_Supplied material_
☆ ☆ ☆ ☆ ☆

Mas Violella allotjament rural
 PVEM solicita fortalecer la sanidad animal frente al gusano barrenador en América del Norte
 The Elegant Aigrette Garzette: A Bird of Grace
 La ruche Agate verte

☆ ☆ ☆ ☆ ☆

_Required action_
Your reply should be an exact copy of every line from the line with "PVEM solicita fortalecer" through the final line of the data, and nothing more.

_Completed task_
 PVEM solicita fortalecer la sanidad animal frente al gusano barrenador en América del Norte
 The Elegant Aigrette Garzette: A Bird of Grace
 La ruche Agate verte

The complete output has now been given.